SAS : First. and Last. Variables

Live Online Training : SAS Programming with 50+ Case Studies

- Explain Programming Concepts in Simple English
- Live Projects
- Scenario Based Questions
- Job Placement Assistance
- Get 10% off till Sept 25, 2017
- Batch starts from October 8, 2017

This tutorial explains how to identify first and last observations within a group. It is a common data cleaning challenge to remove duplicates or store unique values. In SQL, we use window functions such as rank over() to generate serial numbers among a group of rows. In SAS, we can create first. and last. variables to achieve this task.

First. and Last. Variables

FIRST.VARIABLE assigns the value of 1 for the first observation in a BY group and the value of 0 for all other observations in the BY group.
LAST.VARIABLE assigns the value of 1 for the last observation in a BY group and the value of 0 for all other observations in the BY group.
Note : Data set must be sorted BY group before applying FIRST. and LAST. Variables.

SAMPLE DATA SET

Suppose you have a dataset consisting 3 variables and 12 observations. The variables are ID, Name and Score. The variable ID is a grouping variable and it contains duplicates.

ID Name Score
1 David 45
1 David 74
2 Sam 45
2 Ram 54
3 Bane 87
3 Mary 92
3 Bane 87
4 Dane 23
5 Jenny 87
5 Ken 87
6 Simran 63
8 Priya 72

Create this data set in SAS

The program below creates the dataset in SAS. Copy the program below and paste it into SAS program editor and run/submit it.

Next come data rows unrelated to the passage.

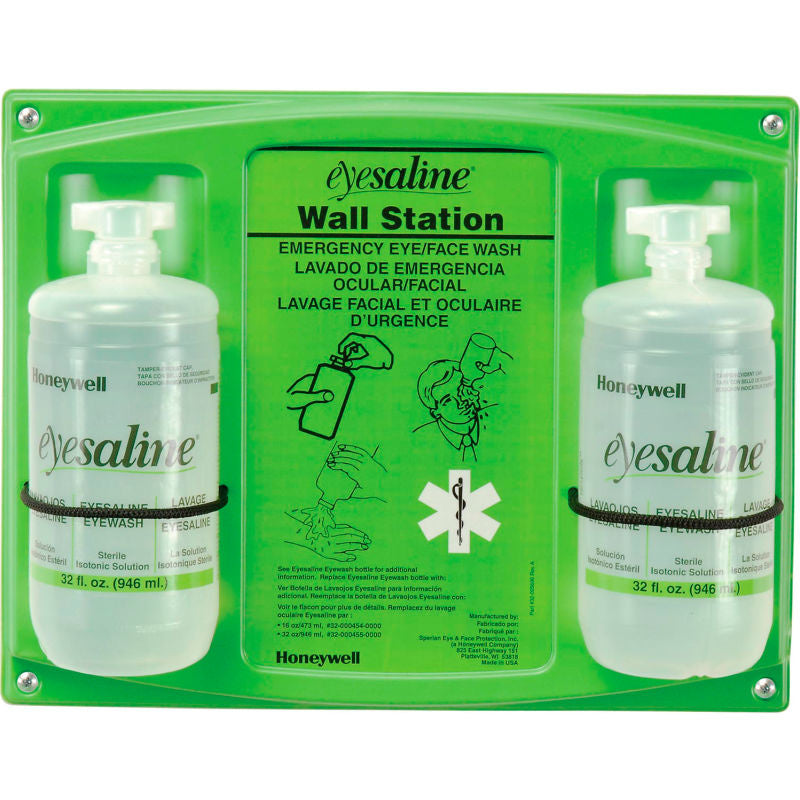 Eye Saline Wall Station Double 32 Oz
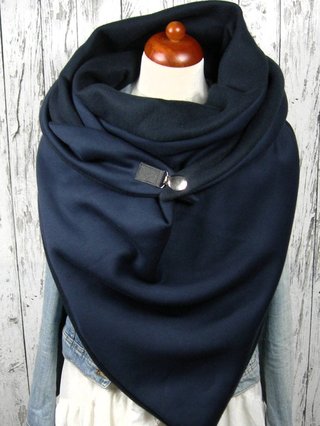 navy blue cotton scarf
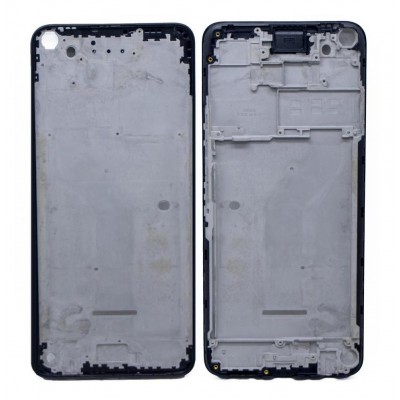 Lcd Frame Middle Chassis For Infinix Note 7 Black By - Maxbhi Com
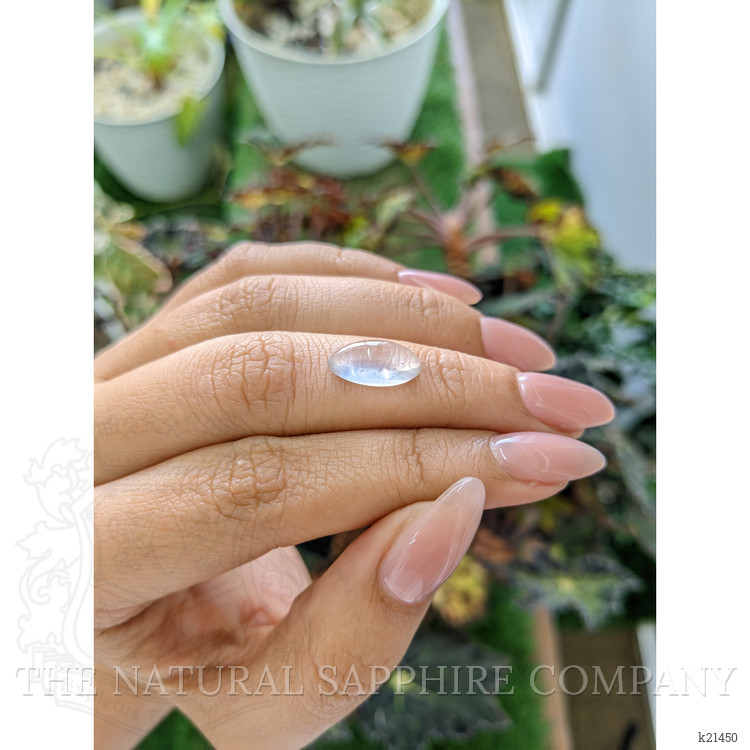 3.08 Ct. Cabochon Moonstone from Ceylon (Sri Lanka)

Use PROC SORT to sort the data set by ID. It is required to sort the data before using first. and last. variables.


Note : FIRST./LAST. variables are temporary variables. That means they are not visible in the newly created data set. To make them visible, we need to create two new variables. In the program above, i have created First_ID and Last_ID variables.
SAS : FIRST. vs. LAST. Variables
How it works

FIRST.variable = 1 when an observation is the first observation in each group values of variable ID.
FIRST.variable = 0 when an observation is not the first observation in each group values of variable ID.

LAST.variable = 1 when an observation is the last observation in each group values of variable ID.
LAST.variable = 0 when an observation is not the last observation in each group values of variable ID.
When FIRST.variable = 1 and LAST.VARIABLE = 1, it means there is only a single value in the group. (See ID = 4 in the above data for reference)

Selecting First Observation within a Group

Suppose you need to select only the first observation among a group of observations. It is very easy to do it with IF statement. The IF statement subsets data when IF is not used in conjunction with THEN or ELSE statements.
PROC SORT DATA = READIN;
BY ID;
RUN; 
DATA READIN1;
SET READIN;
BY ID;
IF FIRST.ID;
PROC PRINT;
RUN;
Output : First. Variable

Note : It returns first observation among values of a group (total 7 observations).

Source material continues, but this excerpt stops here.